All this brings us to the present. In the interest of not contributing any further to the ravaging of West Virginia’s landscape, Duke Energy has expressed its desire to stop using “mountaintop coal,” despite its relative cheapness. But it turns out it can’t — because regulators like cheap coal more than they like the environment. See what I mean? Duke has a true gift for making things interesting, if not outright bizarre.
Perhaps you’ve read about the mining of mountaintop coal. It happens mostly in West Virginia, a place that can be reasonably described as a giant lump of coal with a thin veneer of soil covering it. Traditional mining — drilling holes deep into a mountainside and hauling coal out — is labor-intensive, dangerous and costly. Mountaintop mining is easier, cheaper and requires fewer people. Basically, you cut down all the trees, blast the top off the mountain and haul away the exposed coal. What’s not to like about that? Well, water pollution, for one, as the piles of rubble leach nasty stuff into streams every time it rains. Then there’s the fact that you’re left with a bunch of decapitated mountains, which doesn’t exactly help with tourism and such.
Those problems were enough for Duke to ask its coal suppliers if it was possible to forgo mountaintop coal without prices going up. The answer according to The Charlotte Observer (and I’m paraphrasing here) was: “Not a chance.” The best suppliers could do was to guarantee that 10% of the coal wouldn’t come from blasted mountaintops. Above that, the price goes up.
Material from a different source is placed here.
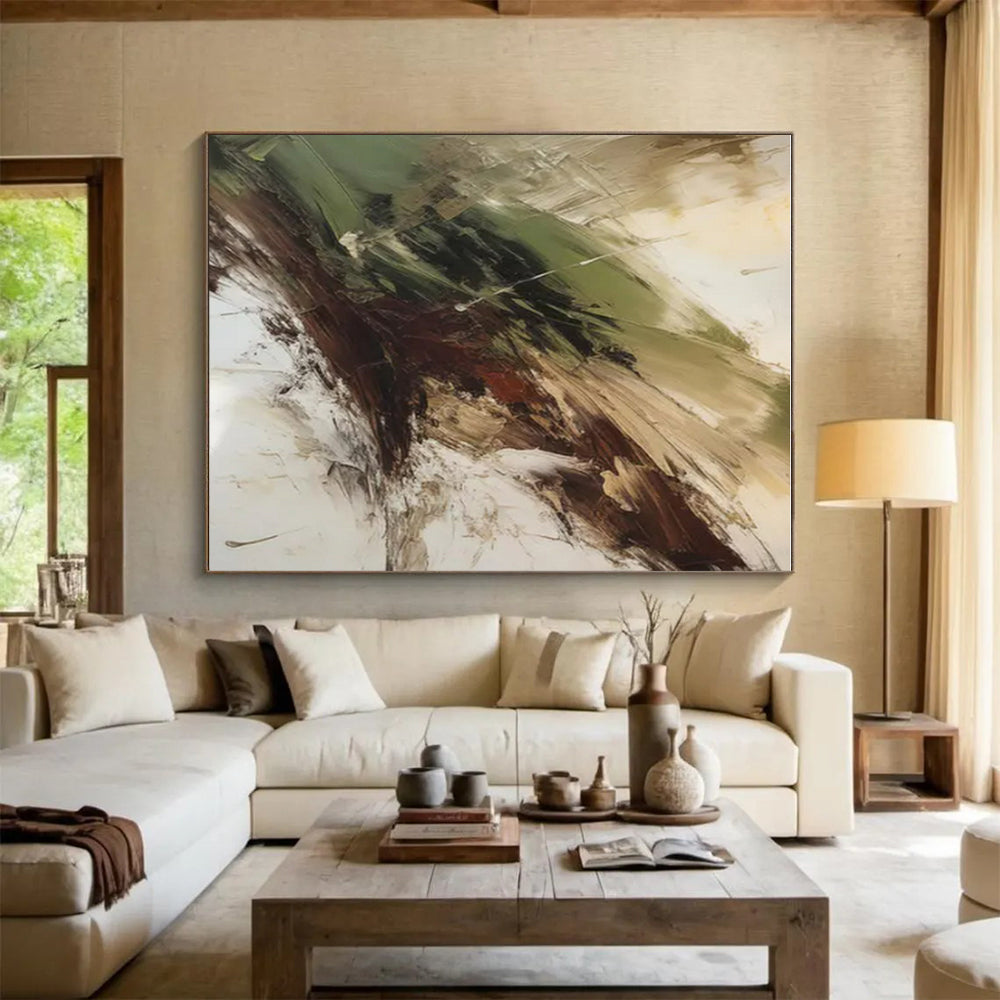 “Green - Brown Abstract Swirl” ,Abstract Oil Painting CT0826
North Carolina regulators drove that point home, reminding the Observer that state law requires public utilities to supply power at the lowest possible price — meaning it’s actually illegal for Duke Energy to help the environment by paying a little extra for nonmountaintop coal.
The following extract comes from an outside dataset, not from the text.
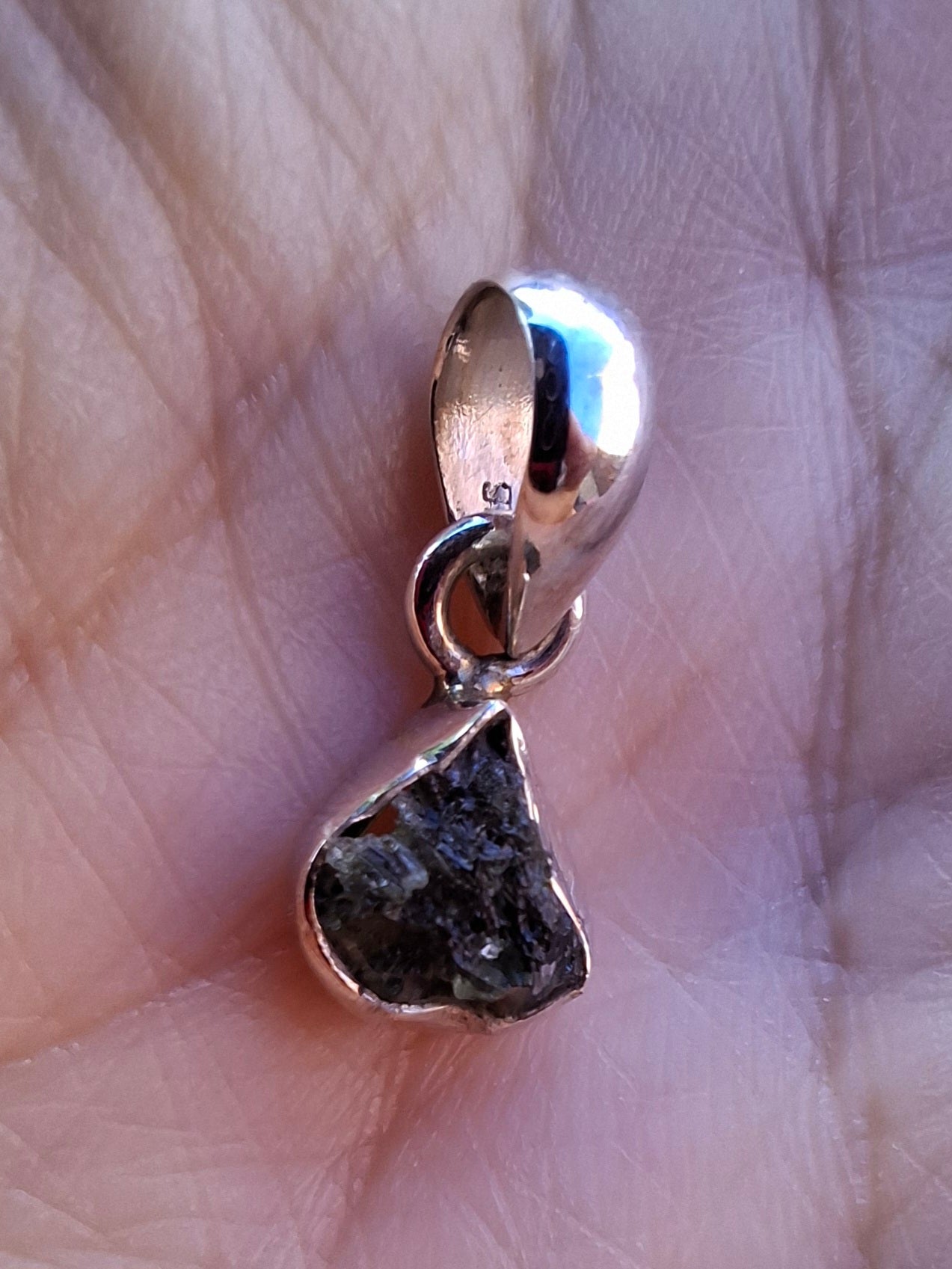 Moldavite Pendant, 925 Silver, Tektite (Ref: P85)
I’m always entertained when the law of unintended consequences asserts itself. Who doesn’t appreciate the irony of a government that employs thousands of people to prevent environmental degradation in North Carolina also employing a separate group to ensure environmental degradation in West Virginia? Adding to the entertainment was the Sierra Club’s reaction. Its state director opined that Duke “needs to move beyond” coal and suggested that wind power could fill the gap. A few statistics, harvested from a recent Atlantic magazine article about the energy industry, are in order. At the moment, coal-burning power plants provide 46% of the nation’s electricity. The next three sources combined — nuclear, natural gas and hydroelectric — account for 50%. The remaining 4% of electricity is provided by various technologies that can be lumped together in a category called ”other.” Sure, wind power has grown dramatically in the past decade. But it’s still an “other.” The magazine notes that a single mine in Kentucky produces enough coal in a day to generate “three-quarters as much electricity … as all the solar and wind facilities in the United States combined.”
In short, our need for electricity — which can only be met through the burning of coal — simply can’t be reconciled with our desire to keep carbon out of the air. And that’s perhaps the most valuable service Duke Energy provides: With all its talk about the environment, it lays bare that undeniable reality.